Forgetting Sarah Marshall was a hit – and those who had seen it knew why. “I think the reasons Aldous Snow resonated, at least with Nick [Stoller, director] and Judd [Apatow, writer-producer], is that in this celebrity-obsessed age, Aldous was an unusual take on celebrity,” muses Brand.
The very same week that Forgetting Sarah Marshall hit screens, Nicholas Stoller and Jason Segel started planning a follow-up. Remembers co-star Jonah Hill: “I was dying to work with Russell again, and I would have done anything Nick asked me to do…”
Alright, then, let’s rock...
Next: A Brand New Movie[page-break]
A Brand New Movie
“It’s very flattering that Aldous Snow’s been given life beyond the initial joy of playing him in Forgetting Sarah Marshall,” says smooth operator Russell Brand.
And he’s not kidding. How often does a former protestor slash television presenter go from such humble beginnings as Big Brother’s Big Mouth to a shimmering Hollywood career?
Not often, as it happens.
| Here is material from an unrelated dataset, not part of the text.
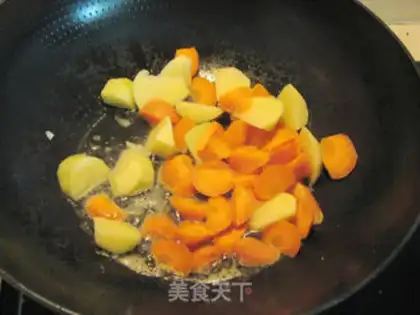 Make Curry beef potatoes step 9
Which is what makes the through-line from Brand’s Channel 4 beginnings to Get Him To The Greek such a crack-addled and wonky one. He has Sarah Marshall to thank for that.
Written by Judd Apatow and Jason Segel, and directed by Nicholas Stoller – who had briefly written for Apatow’s cancelled TV show Undeclared – Sarah Marshall currently stands at 84% fresh on the Rotten Tomatoes tomatometer.
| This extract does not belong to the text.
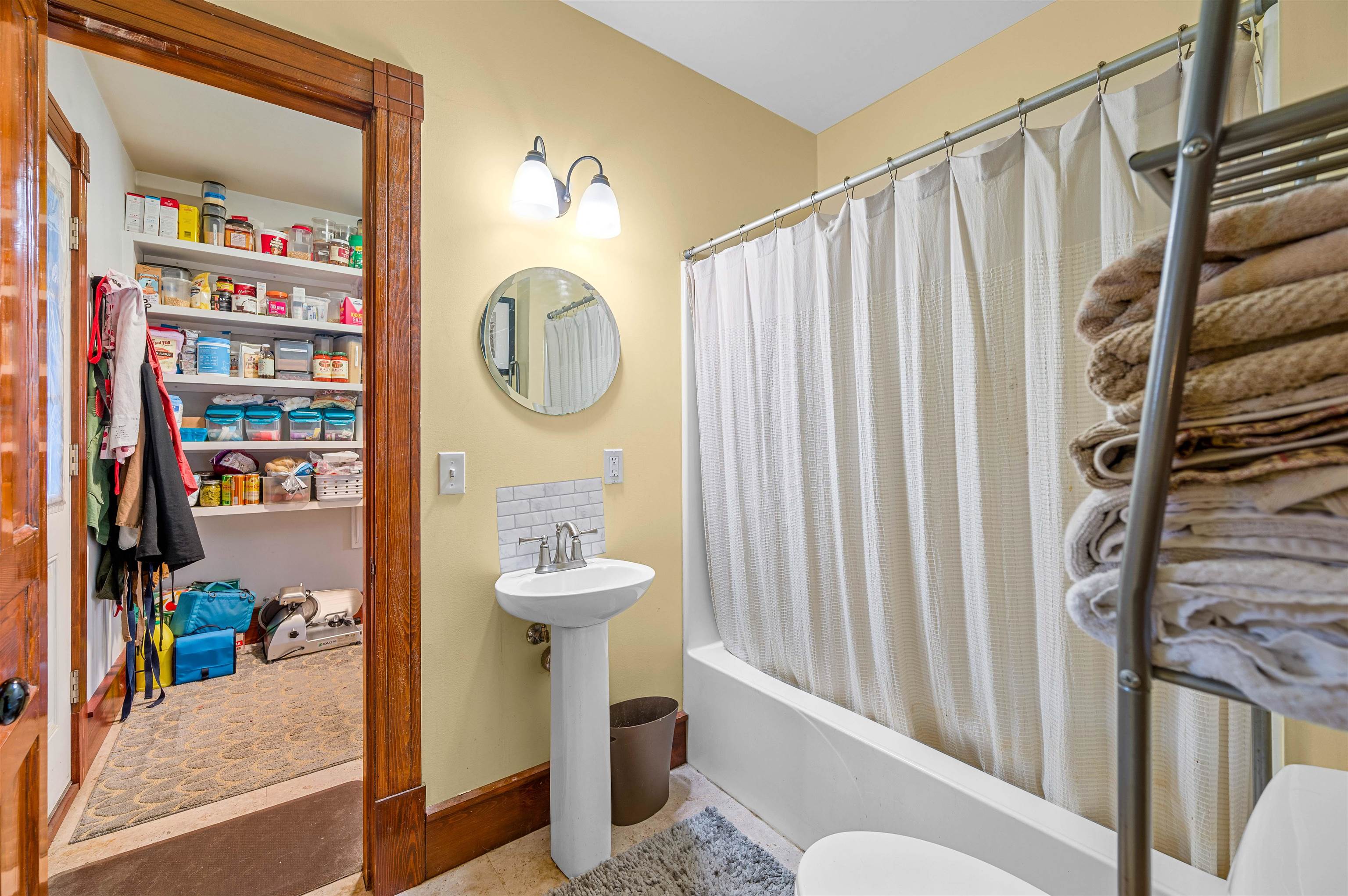 9 Brooklyn Street Morristown, VT 05661 - Photo 21 of 44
The flick earned mucho praise (“At its heart, it’s about heartbreak, heartache, and all the other emotions that most men spend the majority of their energy trying to repress in an effort to appear strong,” wrote one critic) and a tidy box office haul of $104m. Not bad for a romcom starring that Veronica Mars girl, that guy from Superbad, and some British fella.
With Stoller having been impressed with Hill and Brand’s chemistry during a Sarah Marshall table read-through, the seeds for a spin-off adventure were well and truly sewn in his mind.
“Jonah and Russell had amazing chemistry,” Stoller remembers. “Then, on set, they were just hilarious together.”
First, though, there were going to be some changes. While Brand’s Aldous Snow character remained intact for this planned spin-off (despite a brief draft having Brand playing him under a different name), Hill’s character of a waiter who idolises Snow needed some honing in order to fit this new story.
“Jonah’s part in Forgetting Sarah Marshall was very much a broad character,” explains Stoller, “so broad it would have been hard to sustain a whole movie. It wouldn’t have made sense to have him play the same character.”
So it was out with Matthew The Waiter, and in with Aaron Green. Still a big Snow fan, Green works for the record company who ‘own’ Snow, and is charged with escorting the famously slippery star from London to Lose Angeles for a money-spinning comeback gig. Naturally, it’s not going to be easy.
Says Stoller: “We wanted to get across that when you imagine hanging out with a rock star, it seems exciting and thrilling. You get to stay up all night and party. We wanted to capture the idea that it just never ends. And Aaron has a great time.
“Next morning, you wake up and start partying again. There is no end to it. It’s a triangle where it gets more fun, more fun, more fun, then it hits an out-of-control moment, and then it starts to plummet down toward Earth.”
Producer David Bushell agrees, adding: “What’s special about the Apatow camp and the movies they make is that there’s a certain honesty that plays alongside the comedy.
"People can either see themselves in the characters or in the stories…or they would like to see themselves in the characters and the stories.”
Next: King Of The Hill[page-break]
King Of The Hill
For Jonah Hill there was no question about returning for a second round in the ring with Brand.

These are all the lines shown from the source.